Waldo Clark Beals was born around 1836 in Turner, Maine, to Benjamin F. Beals and Caroline Leonard. His father was a farmer who owned $2,300 of real estate and $952 of personal property. He grew up and attended school in Turner, and he moved to Brunswick, Maine, sometime in the 1850s. By 1860, he was working as a clerk in a grocery store, and he owned $300 of personal property.
He enlisted in the Union army on October 19, 1861, and mustered in as a private in Company F of the 1st Maine Cavalry later that day.
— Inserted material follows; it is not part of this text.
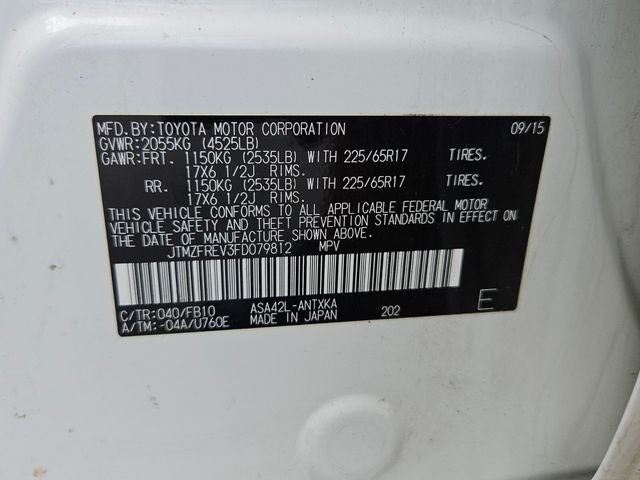 2015 Toyota RAV4 LE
The regiment took part in the Second Battle of Bull Run, the Battle of Antietam, the Battle of Fredericksburg, the Battle of Gettysburg, and the Overland Campaign. He was promoted to corporal in 1863, and he mustered out on November 25, 1864.
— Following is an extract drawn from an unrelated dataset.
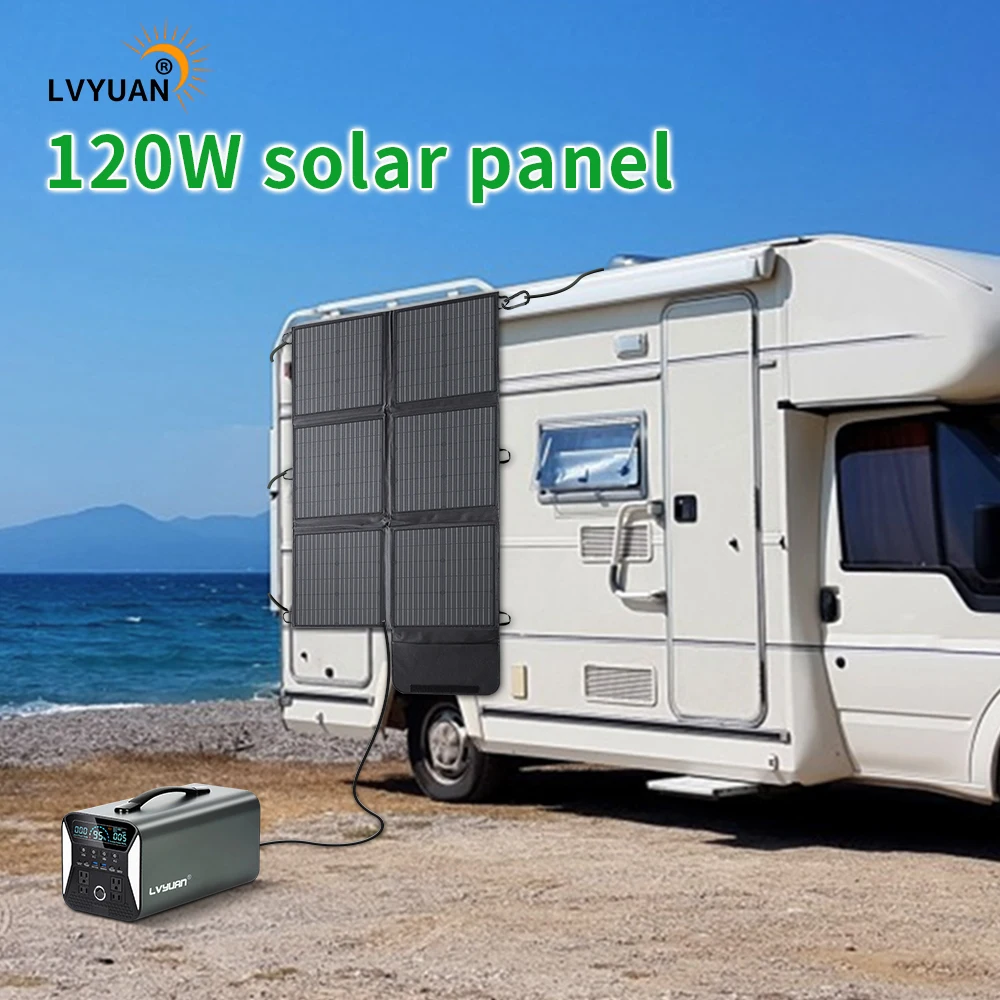 

120W LVYUAN Solar Panel For Outdoor Caravan 12v Battery Charging Foldable Solar Panel Kit Photovoltaic Module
Beals returned to Brunswick after the war, and he married Mary S. Owen there on September 30, 1866. They moved to Providence, Rhode Island, in the late 1860s, and by 1870, he was working as an overseer in an oil mill. A decade later, they were living in Brockton, Massachusetts, and Beals was working in a shoe shop. They moved to Auburn, Maine, sometime in the late 1800s, and by 1900, he was working as a farmer. His wife Mary died in 1903, and he married Harriet Amelia Stanwood in Brunswick, Maine, on April 28, 1905. He died of heart disease in Brunswick on May 26, 1906.